Piantedosi nel suo intervento ha affermato che dall’1 gennaio 2021 al 9 novembre 2022 le Ong hanno portato sulle coste italiane 21.046 migranti, di cui 9.956 nel 2021 e 11.090 nel 2022. Vero ma per il 2021 rappresentano il 14% del totale degli sbarchi e per il 2022 l’11%. Dunque addirittura un calo, mentre cresce il totale degli sbarchi. Ma sono sbarchi autonomi o soccorsi da Guardia costiera, Guardia di Finanza e navi mercantili di varie nazionalità. Anche questi sono dati ufficiali del Ministero.

Un’ulteriore conferma arriva dall’ultimo rapporto di Frontex. Nei primi dieci mesi del 2022 gli arrivi di immigrati rilevati ai confini esterni dell’Ue sono stati circa 275.500, in aumento del 73% rispetto ai primi dieci mesi del 2021. La rotta più attiva è quella dei Balcani Occidentali, dove si sono registrati 128.438 attraversamenti, in aumento del 168%. Una rotta terrestre, dove, ovviamente, non ci sono le Ong. E un fortissimo aumento ha avuto anche la rotta del Mediterraneo Orientale (dalla Turchia o dalla Libia orientale), con 35.343 arrivi (+122%). E anche qui non operano le Ong, ma solo le imbarcazioni della Guardia costiera e della Gdf. Mentre la rotta del Mediterraneo Centrale, quella che porta a Lampedusa e dove operano le Ong, pur essendo la seconda in numero assoluto con 79.140 rilevamenti è cresciuta “solo” del 48%.

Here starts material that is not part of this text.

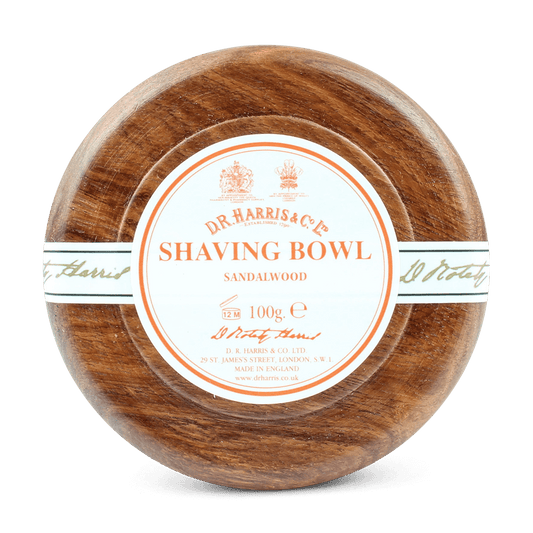 D R Harris Sandalwood Soap & Bowl Mahogany 100g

Ma dove finiscono tutti questi immigrati? Come confermato anche per gli ultimi sbarchi in Calabria dalla rotta turca (ma anche per quelli in Puglia), gran parte delle persone, soprattutto afghani, curdi, siriani, non fanno domanda d’asilo e accettano tranquillamente il decreto di respingimento, anche se avrebbero sicuramente diritto alla protezione internazionale, perché vengono da Paesi in guerra o dove dominano violenza e persecuzione. Ma non vogliono restare in Italia. Per loro è solo luogo di sbarco e di transito per poi raggiungere il Nord Europa, soprattutto attraverso il confine italo-francese. Un percorso in aumento.

La prova ce la fornisce Martina Cociglio, operatrice legale del servizio della Diaconia valdese che partecipa, con altre organizzazioni, al progetto Open Europe, sulle tre frontiere, quella di ingresso di Trieste e quelle in uscita di Ventimiglia e Oulx in Val di Susa. A settembre su 391 persone contattate 59 venivano dalla rotta turca, 309 da quella balcanica, 11 da quella libica, 7 da quella tunisino-algerina. E questo spiega perché 268 fossero afghani, seguiti da 45 iraniani e 33 marocchini. Ben 14 le famiglie con figli, anche molto numerose, e in gran parte afghane, 4 quelle senza figli, 69 i minori non accompagnati (66 afghani). A ottobre calano le persone contattate che sono state 232, ma non la provenienza: 165 dalla rotta balcanica, 33 da quella turca, 18 da quella libica, 7 da quella tunisino-algerina. La maggioranza restano gli afghani, con 120 persone, seguiti da 34 iraniani, 28 marocchini, 7 del Burundi e 6 siriani. E in gran parte afghane le 9 famiglie con figli, le 8 senza figli, e i minori non accompagnati (20 su 22).

I dati di novembre fino al 15 segnalano un aumento considerevole degli arrivi dalla rotta turca. Su 172 contattati 74 venivano dalla rotta balcanica, 64 da quella turca, 25 da quella libica, 5 da quella tunisino-algerina. Quanto alle nazionalità 66 erano afghani, 37 iraniani, 24 marocchini, 6 turchi. Otto le famiglie con figli (anche con mamme incinte e bimbi molto piccoli), 5 quelle senza figli, 10 i minori non accompagnati. Tra di loro anche un gruppo proveniente da due sbarchi del 29 ottobre a Santa Maria di Leuca la cui storia Avvenire aveva raccontato.